One of my good friends told me about this fantastic recipe. He had seen it on an episode of America's Test Kitchen and you can find the original recipe
here. I love to cook and experiment with food, so I decided to try it out. I love pork loin, and what better way to eat some than with a brand new recipe!
What you will need:
- 1 14 ounce can of whole-berry cranberry sauce
- 1/2 cup of orange juice
- 1/2 cup dried cranberries
- 1/4 teaspoon cinnamon
- 3 strips of orange zest, with the pith removed
- 4 to 5 pound pork loin
- cooking spray, olive, or vegetable oil
This recipe is ridiculously simple. Your first step is to stir together the cranberry sauce, juice, dried cranberries, and cinnamon in your slow cooker. Add the strips of orange zest on top. To make the orange zest, just use a vegetable peeler and slice a strip approximately 3 inches long. Try not to cut too deep as the white part between the orange and the skin, also called the pith, is very bitter.
Then get a large skillet and lightly spray with oil. (I just used a stir-fry pan because I don't have a flat skillet. I know, I know. Being the cook I am, I need to get with the program.) Pat the pork loin dry with paper towels or a clean dishcloth. Liberally sprinkle salt and pepper on the surface of the meat and rub it in. Brown the pork loin about 3-5 minutes on each side on medium to high heat. Browning enhances the flavor!
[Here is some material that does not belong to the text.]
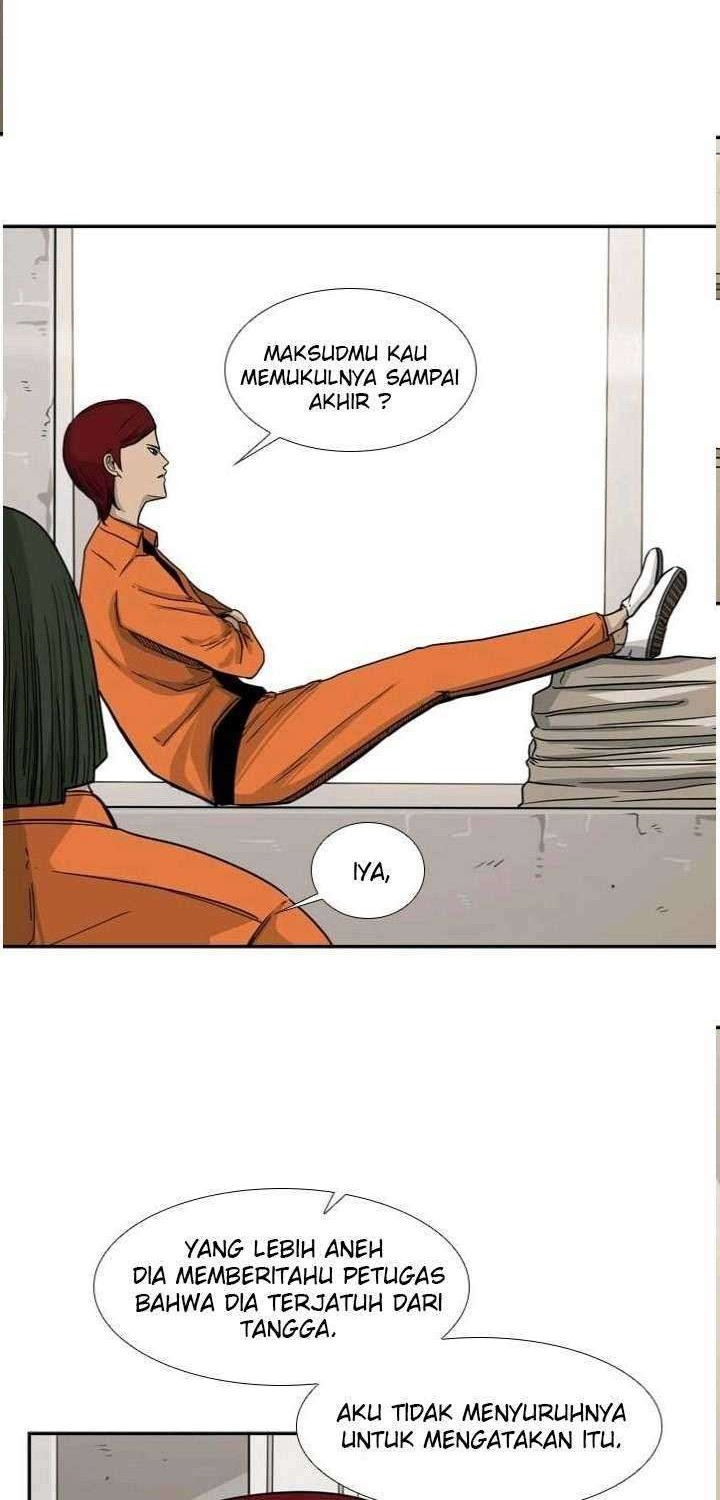 Shark Chapter 38 - halaman 9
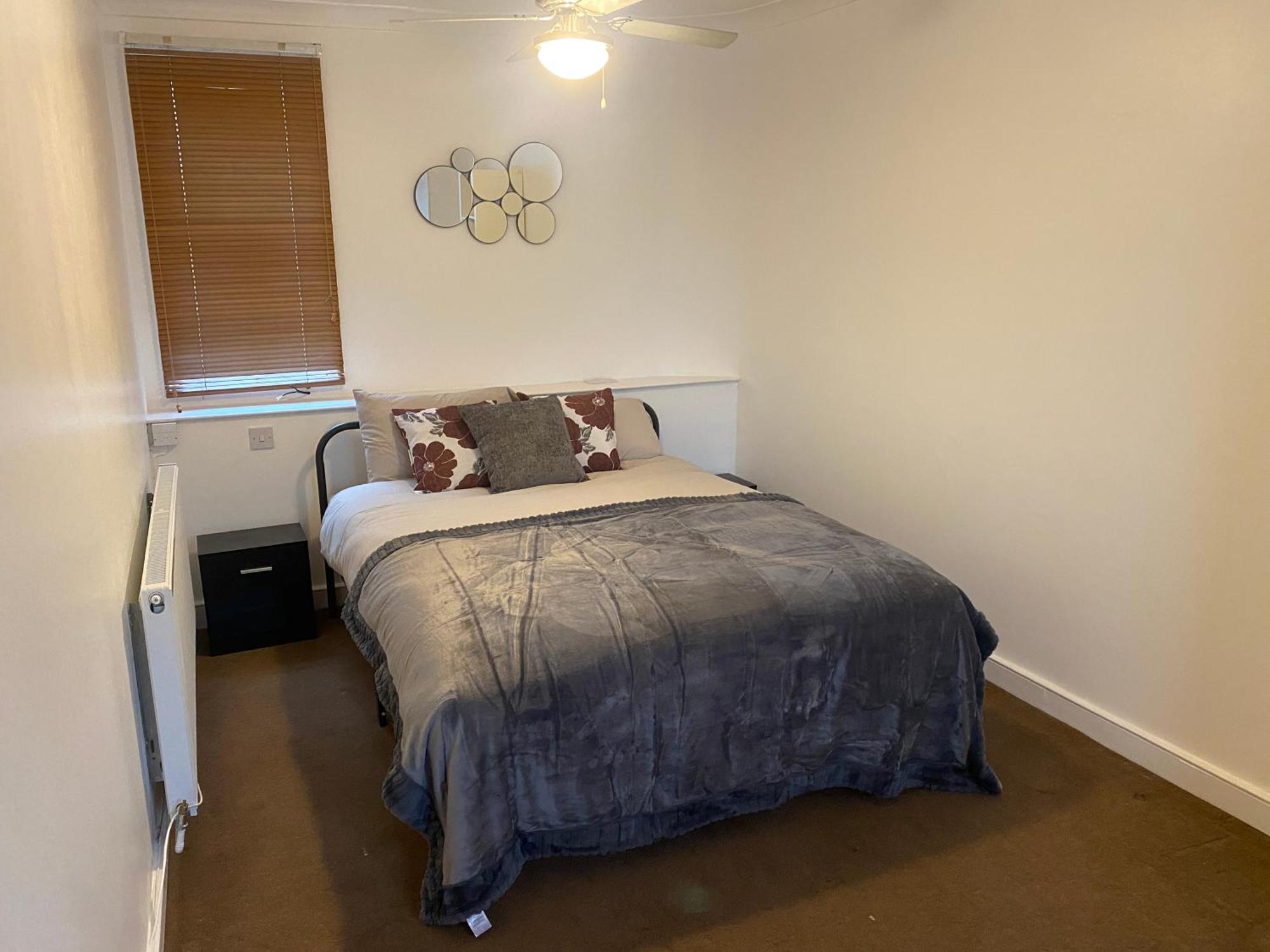 Apartmán Fulham Londýn Exteriér fotografie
Now to the easy part! Put the meat on top of the cranberry orange sauce and set to low for 4 hours... and wait.
After 4 hours are up, remove the meat from the slow cooker, set on a platter or cutting board, and tent with foil. Wait around 10 minutes for the meat to rest.
For the sauce, wait for about 5 minutes for it to settle and the fat to rise to the top. Spoon the fat off the top with a spoon. Remove the pieces of orange zest and throw away. Pour the sauce into a saucepan and simmer for around 10-12 minutes, reducing it down to around 2 cups.
Slice the pork and serve with the sauce! Bon appetite!